• Supplied records
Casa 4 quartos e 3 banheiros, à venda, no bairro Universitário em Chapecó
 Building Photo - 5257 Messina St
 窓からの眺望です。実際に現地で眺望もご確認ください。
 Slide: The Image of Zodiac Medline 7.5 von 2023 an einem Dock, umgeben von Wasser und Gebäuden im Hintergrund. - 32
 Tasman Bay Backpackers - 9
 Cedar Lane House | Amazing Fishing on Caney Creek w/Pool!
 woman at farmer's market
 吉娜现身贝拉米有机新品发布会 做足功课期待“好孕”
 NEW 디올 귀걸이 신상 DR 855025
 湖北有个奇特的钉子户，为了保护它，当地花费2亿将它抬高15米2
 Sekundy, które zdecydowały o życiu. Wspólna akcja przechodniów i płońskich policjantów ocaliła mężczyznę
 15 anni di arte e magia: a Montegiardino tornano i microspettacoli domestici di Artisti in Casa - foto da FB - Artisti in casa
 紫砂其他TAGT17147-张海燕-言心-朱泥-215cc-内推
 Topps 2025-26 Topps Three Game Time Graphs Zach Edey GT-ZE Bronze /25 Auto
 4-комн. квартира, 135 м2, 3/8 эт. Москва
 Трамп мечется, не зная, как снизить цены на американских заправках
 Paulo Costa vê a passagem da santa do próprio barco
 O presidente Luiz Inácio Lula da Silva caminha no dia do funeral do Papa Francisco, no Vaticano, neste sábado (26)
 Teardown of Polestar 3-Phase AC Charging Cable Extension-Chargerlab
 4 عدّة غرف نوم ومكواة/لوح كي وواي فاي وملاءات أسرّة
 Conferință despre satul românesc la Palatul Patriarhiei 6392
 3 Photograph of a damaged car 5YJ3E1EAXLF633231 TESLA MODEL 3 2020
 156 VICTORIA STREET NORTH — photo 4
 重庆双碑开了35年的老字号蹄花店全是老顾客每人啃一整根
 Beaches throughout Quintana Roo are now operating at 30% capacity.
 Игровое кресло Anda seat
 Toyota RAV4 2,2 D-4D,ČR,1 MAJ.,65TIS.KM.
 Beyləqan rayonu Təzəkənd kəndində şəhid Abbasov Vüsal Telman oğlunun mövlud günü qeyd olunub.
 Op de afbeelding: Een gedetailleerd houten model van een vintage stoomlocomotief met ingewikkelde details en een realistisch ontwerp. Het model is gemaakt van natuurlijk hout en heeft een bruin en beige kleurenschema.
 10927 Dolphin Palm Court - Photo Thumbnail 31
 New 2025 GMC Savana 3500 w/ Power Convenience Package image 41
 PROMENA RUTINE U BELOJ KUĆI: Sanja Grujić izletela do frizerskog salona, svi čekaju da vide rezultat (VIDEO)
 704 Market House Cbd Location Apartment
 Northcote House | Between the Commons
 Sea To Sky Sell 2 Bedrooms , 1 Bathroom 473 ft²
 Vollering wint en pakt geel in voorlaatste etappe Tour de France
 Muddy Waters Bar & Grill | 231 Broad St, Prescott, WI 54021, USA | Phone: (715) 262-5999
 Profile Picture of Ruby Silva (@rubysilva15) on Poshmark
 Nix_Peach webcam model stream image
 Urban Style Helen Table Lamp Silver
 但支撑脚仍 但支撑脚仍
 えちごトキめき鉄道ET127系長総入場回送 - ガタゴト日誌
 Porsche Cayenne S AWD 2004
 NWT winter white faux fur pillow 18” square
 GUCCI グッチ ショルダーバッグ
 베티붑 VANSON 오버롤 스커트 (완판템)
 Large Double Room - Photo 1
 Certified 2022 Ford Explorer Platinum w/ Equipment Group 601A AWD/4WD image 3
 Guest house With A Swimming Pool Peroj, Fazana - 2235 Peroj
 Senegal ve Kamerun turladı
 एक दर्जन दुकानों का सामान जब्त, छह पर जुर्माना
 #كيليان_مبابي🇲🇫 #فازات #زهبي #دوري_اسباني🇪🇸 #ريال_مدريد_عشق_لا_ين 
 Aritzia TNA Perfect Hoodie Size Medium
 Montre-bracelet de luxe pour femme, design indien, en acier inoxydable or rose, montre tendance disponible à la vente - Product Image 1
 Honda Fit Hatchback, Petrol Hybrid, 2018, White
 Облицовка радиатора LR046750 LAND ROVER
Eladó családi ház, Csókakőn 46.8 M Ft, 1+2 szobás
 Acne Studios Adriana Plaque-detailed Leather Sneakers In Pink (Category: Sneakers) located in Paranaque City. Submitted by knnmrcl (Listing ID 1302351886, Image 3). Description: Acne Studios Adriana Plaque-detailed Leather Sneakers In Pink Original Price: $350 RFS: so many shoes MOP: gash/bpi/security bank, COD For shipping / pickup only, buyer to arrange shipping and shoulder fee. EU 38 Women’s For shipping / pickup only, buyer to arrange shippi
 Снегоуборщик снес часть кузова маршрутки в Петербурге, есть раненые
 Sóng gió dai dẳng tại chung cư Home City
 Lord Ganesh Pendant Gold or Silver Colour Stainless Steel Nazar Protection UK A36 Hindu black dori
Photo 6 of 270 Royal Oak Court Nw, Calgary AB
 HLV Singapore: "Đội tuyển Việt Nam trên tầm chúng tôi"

• Task statement
Return exactly the lines above from the line that has "Vollering wint en" through the line that has "Aritzia TNA Perfect Hoodie Size Medium", inclusive, and nothing else.

• Exercise response
 Vollering wint en pakt geel in voorlaatste etappe Tour de France
 Muddy Waters Bar & Grill | 231 Broad St, Prescott, WI 54021, USA | Phone: (715) 262-5999
 Profile Picture of Ruby Silva (@rubysilva15) on Poshmark
 Nix_Peach webcam model stream image
 Urban Style Helen Table Lamp Silver
 但支撑脚仍 但支撑脚仍
 えちごトキめき鉄道ET127系長総入場回送 - ガタゴト日誌
 Porsche Cayenne S AWD 2004
 NWT winter white faux fur pillow 18” square
 GUCCI グッチ ショルダーバッグ
 베티붑 VANSON 오버롤 스커트 (완판템)
 Large Double Room - Photo 1
 Certified 2022 Ford Explorer Platinum w/ Equipment Group 601A AWD/4WD image 3
 Guest house With A Swimming Pool Peroj, Fazana - 2235 Peroj
 Senegal ve Kamerun turladı
 एक दर्जन दुकानों का सामान जब्त, छह पर जुर्माना
 #كيليان_مبابي🇲🇫 #فازات #زهبي #دوري_اسباني🇪🇸 #ريال_مدريد_عشق_لا_ين 
 Aritzia TNA Perfect Hoodie Size Medium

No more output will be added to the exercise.